A Greve do Sepe-RJ e a Luta dos Trabalhadores da Educação

Lutar por uma educação pública, universal, gratuita e de qualidade 
Abaixo a Burocracia Sindical, pela União da Classe Trabalhadora!

Por Leandro Torres
Agosto de 2011

         O mês de junho foi tido como um marco para setores da esquerda do Rio de Janeiro, que incorretamente enxergaram na insubordinação de parte do Corpo de Bombeiros Militares do estado um ascenso de “trabalhadores”. Porém, os BMs não foram os únicos a se movimentar na cidade. Os professores e funcionários da rede estadual de educação, organizados através Sepe-RJ (Sindicado Estadual dos Profissionais da Educação), protagonizaram uma importante mobilização por melhores salários e direitos, marcada por uma combativa greve que durou 66 dias. As principais organizações da esquerda do Rio de Janeiro (PSTU e PSOL), entretanto, acabaram dando mais atenção à insubordinação dos bombeiros, repleta de demandas reacionárias, do que à luta dos educadores, da mesma forma como fez a mídia burguesa. [1]

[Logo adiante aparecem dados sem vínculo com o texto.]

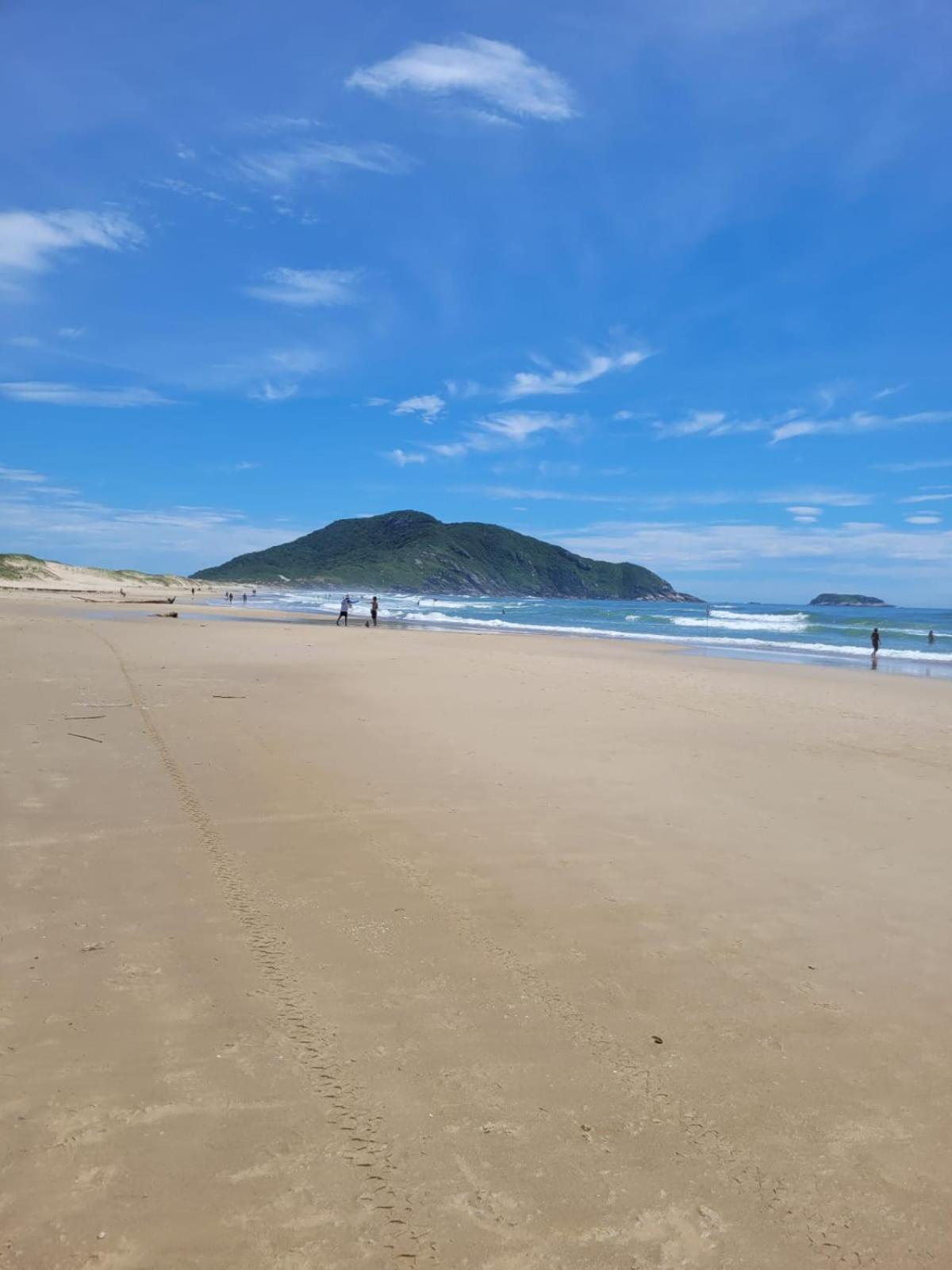 Costão Gaivotas Apartamento *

          Tais educadores (o que inclui professores, animadores culturais, merendeir@s, inspetores e porteir@s), além de terem realizado uma greve e erguido um acampamento de 32 dias em frente à Secretaria Estadual de Educação, também engrossaram as fileiras de outras lutas, como a manifestação ocorrida em 30 de julho “Por uma Copa do Povo”, organizada contra as ações de repressão e despejo realizadas pelo governo contra os trabalhadores pobres do estado. Isso demonstrou a disposição da categoria em transformar sua luta em uma ampla campanha contra o governo estadual de Sérgio Cabral (PMDB) e seus aliados, como o prefeito do Rio, Eduardo Paes (também PMDB).
   Entretanto, a greve foi “suspensa” no dia 12 de agosto, após uma sessão da Assembleia Legislativa do Rio de Janeiro (Alerj) que discutiu as demandas dos educadores e aprovou algumas delas – mesmo que parcialmente. Em tal sessão, a proposta inicial dos lacaios de Cabral e dos patrões, de um aumento salarial de 3,5% para os professores, acabou sendo levemente elevada para 5%. Além do aumento salarial para professores (e animadores culturais, que foi de 14,6%), foram aprovadas algumas outras medidas importantes, como o descongelamento do Plano de Carreira dos funcionários e o abono dos dias paralisados.
Para alguns, a conquista de 5% de aumento aos professores e descongelamento do Plano de Carreira dos funcionários pode soar como uma vitória plena dos trabalhadores, mas quando lembramos que a pauta de greve incluía reivindicações como aumento de 26% para os educadores e eleições diretas para os diretores escolares, vemos que o desfecho não foi tão positivo quanto a direção do Sepe faz parecer, intitulando o boletim publicado no último dia 18 de “Greve Histórica Derrota Cabral e Risolia [Secretário de Educação]”. No mesmo boletim de título demasiado otimista, a própria direção do Sepe reconhece:

“É verdade que nossos salários ainda estão baixos, que o Plano de Metas ainda está vigorando e que não conquistamos a eleição direta para diretores, entre outras coisas.”
Boletim do Sepe, disponível em seperj.org.br

A “suspensão” da greve após um acordo que só obteve algumas das reivindicações se explica em parte pela intransigência do Governo de Sérgio “Caveirão” Cabral em negociar um aumento e também pela sua atitude repressora, que conseguiu aprovar no Legislativo o corte do ponto daqueles educadores que não voltassem ao trabalho no retorno das férias escolares (medida que foi revertida na sessão da Alerj).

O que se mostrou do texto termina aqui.